Als ik om me heen luister, dan zijn er zat onderwerpen die Utrechters voor burgeragendering in stelling zouden kunnen brengen. Maar, zoals gezegd, de realiteit is weerbarstiger.
De burgeragendering is thans een comateuze, aan het infuus liggende patiënt. Als deze patiënt de ogen voorgoed zou sluiten, dan zou daarmee ook een stukje lokale democratie afsterven.
Onder andere in Utrecht is het zo dat wanneer iemand in eenzaamheid sterft en er niemand is om een uitvaart te verzorgen, dat dan de gemeente zorg draagt voor een waardige uitvaart. Iemand van het Stadsdichtersgilde schrijft dan een passend gedicht en draagt dit voor.

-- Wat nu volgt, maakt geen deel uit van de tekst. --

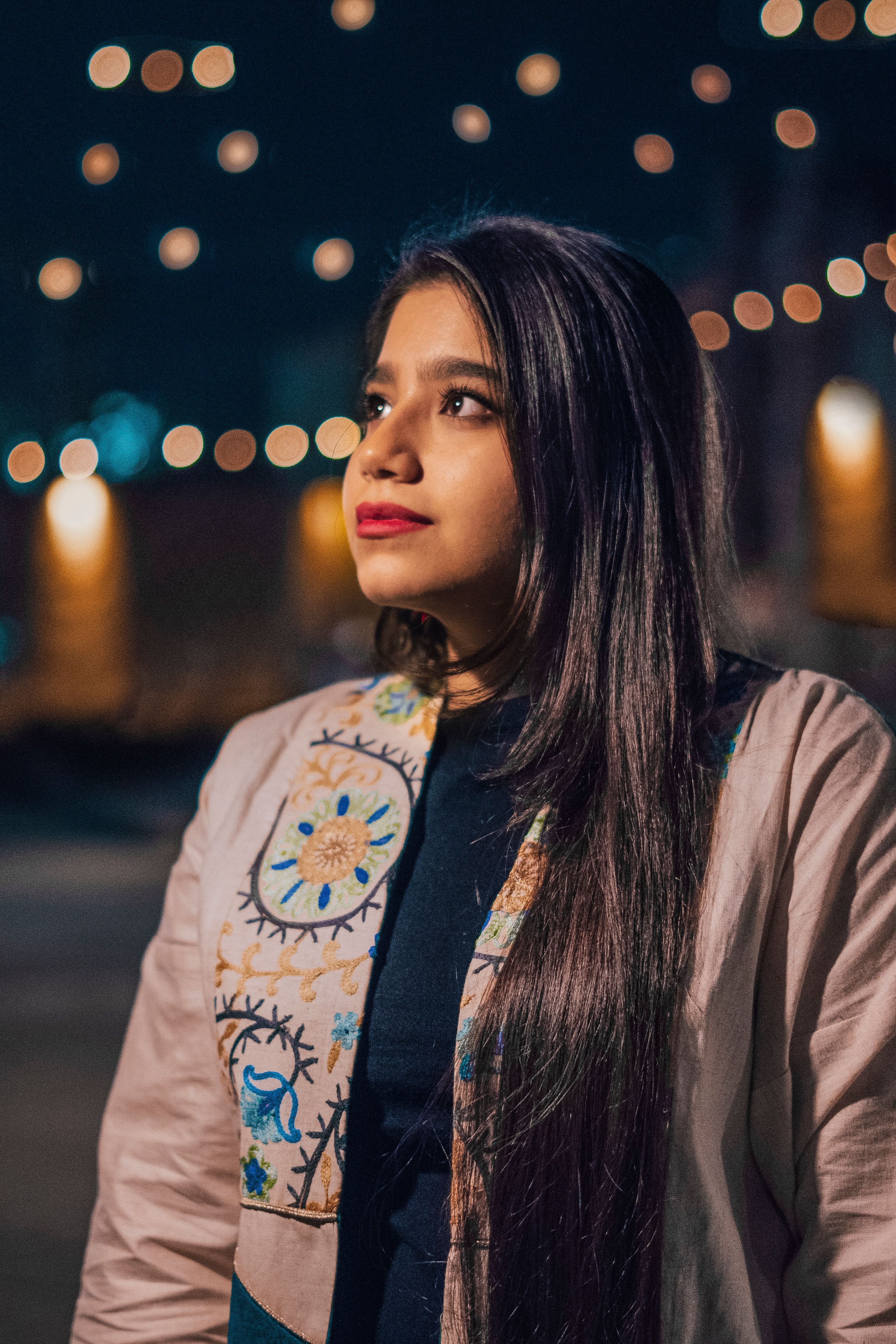 A woman with long hair wearing an embroidered jacket looks upwards, captured at night with bokeh lights.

Mocht het zover komen dat de gemeenteraad de stekker uit de burgeragendering trekt, dan kan het Stadsdichtersgilde wat mij betreft een keer verlof krijgen. De gemeente mag mij benaderen voor het voordragen van een gedicht of afscheidswoord. Ik zal bij de kist staan, een krans leggen en bij wijze van afscheidsgroet in ieder geval uitspreken: “JE BENT GEZIEN, JE BENT NIET ONOPGEMERKT GEBLEVEN”.